Israeli hospitals are a melting pot of cultures so if one wanted to get an insight into our population, this is a good place to start.

Enter a state-of-the-art, spanking clean hospital with no rules. There is security at the main gate, but once inside, visitors can go anywhere anytime. This is the Middle East, after all.

I have seen Bedouins in the hospital, wearing long white tunics topped with a camel wool kufeya.  I actually saw someone in the hospital garden with a long frock and a shepherd’s crook who looked like Kind David. I have no idea if he parked his sheep in the hospital lot. He then walked past a nah nachman guy with long peyot, woolen tzitzit flying in the breeze.

The Arab patients seem to have an entourage of their entire family here at all times. They drag chairs across the floor of the common room so they can eat their meals together. They bring their small children and their teenagers and simply hang around, listening to music as if they were at a picnic in the park.

Israeli families like to pull their chairs into a tight circle in the middle of the hallway as if they are linebackers strategizing in a football huddle. 

If a stretcher or a patient shuffling on a walker needs to go by, take a number.
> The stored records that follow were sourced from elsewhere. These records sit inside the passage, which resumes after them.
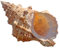 Coquillage naturel de coquille de noix de Conque， Coquillages naturels, énormes coquillages de l'océan de 14 à 25 cm, parfaits for la décoration de mariage, les loisirs créatifs, les aquariums(14cm)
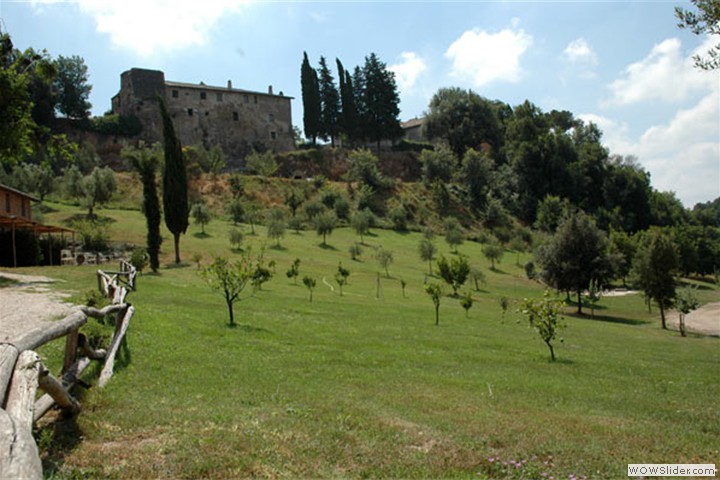 tragliata12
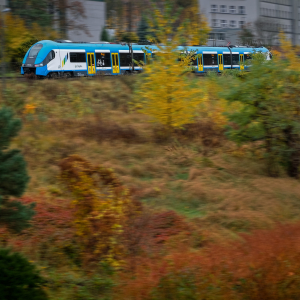 Pasażerowie dybią na rydza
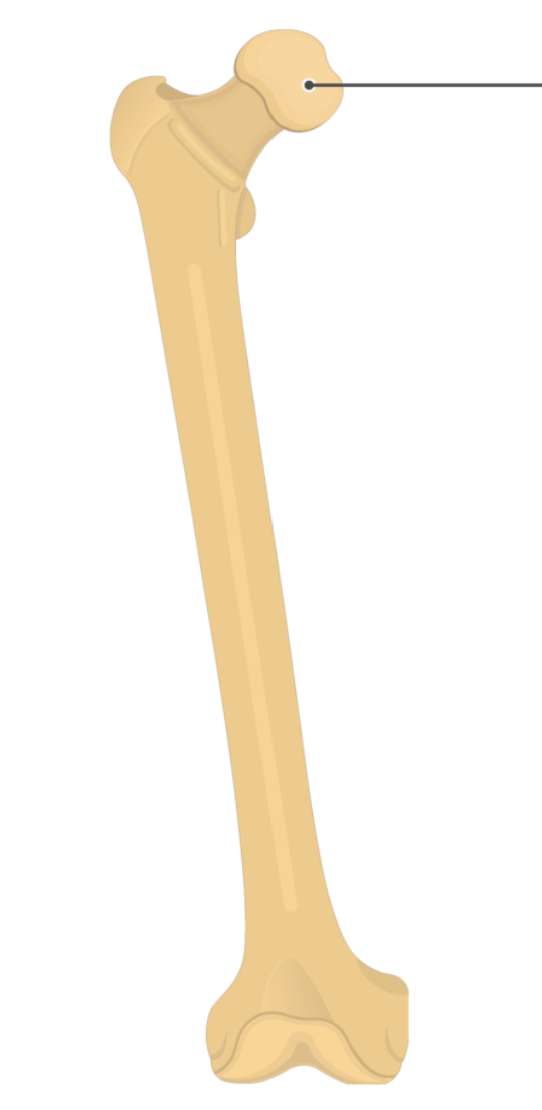 <p>What is this pointing to? What bone is it on?</p>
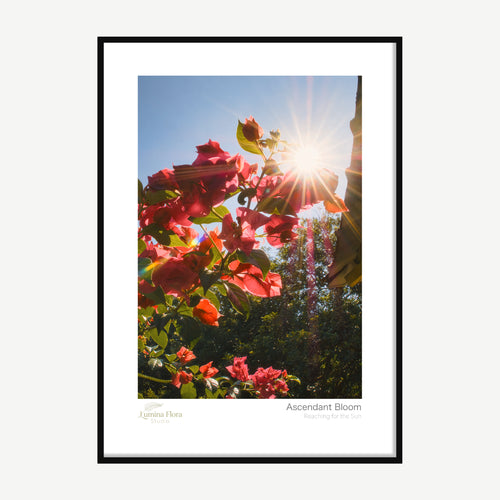 Framed print: magenta bougainvillea against blue sky with sunburst, black wood frame
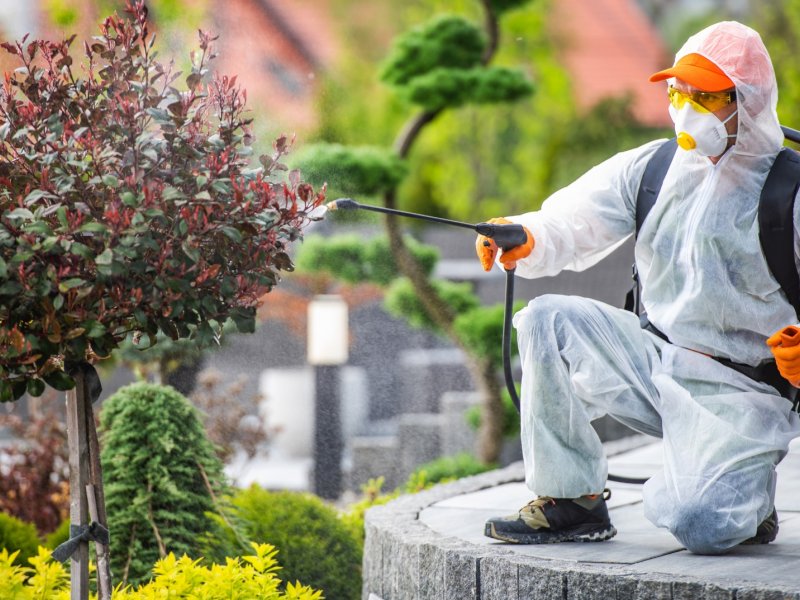 Aybastı Haşere İlaçlama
Some of us Ashkenazi Jews put our phones on silent and sneak into the corridor when we get a call while others keep ring tones high, then yell into the phone, giving the caller and the entire hospital floor an update on their relative’s health.

From simcha to sickness. We hold on tight as life takes its dips and turns, often at a flying speed.

I can still hear the words of the Cohen from the Pidyon HaBen as my father watched, smiling. And today I pray these words will reach my dad in his hospital bed.

‘May Hashem make His face shine unto you and be gracious to you.’